*DATASET EXCERPT:*
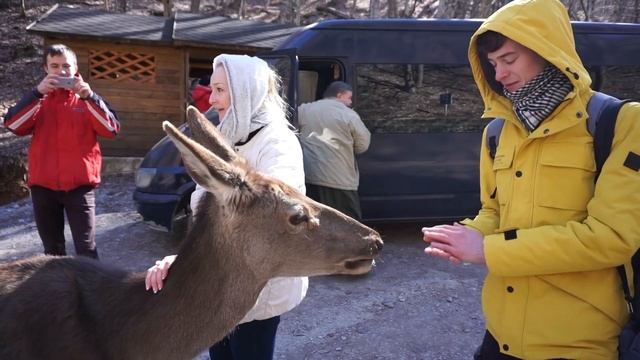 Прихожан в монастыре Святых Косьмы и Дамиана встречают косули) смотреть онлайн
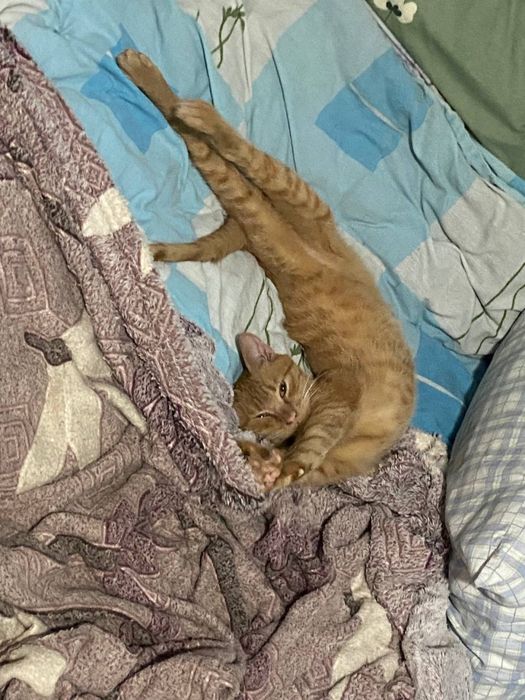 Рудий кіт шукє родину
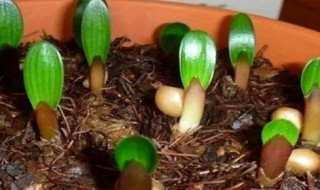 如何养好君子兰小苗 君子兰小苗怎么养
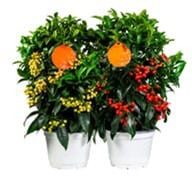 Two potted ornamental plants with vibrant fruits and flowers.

*EXERCISE DESCRIPTION:* No pictures belong in the copy; quote exactly the lines from the line containing "如何养好君子兰小苗 君子兰小苗怎么养" through the final line of the material, both ends included.

*RESPONSE FOR THIS EXERCISE:*
 如何养好君子兰小苗 君子兰小苗怎么养
 Two potted ornamental plants with vibrant fruits and flowers.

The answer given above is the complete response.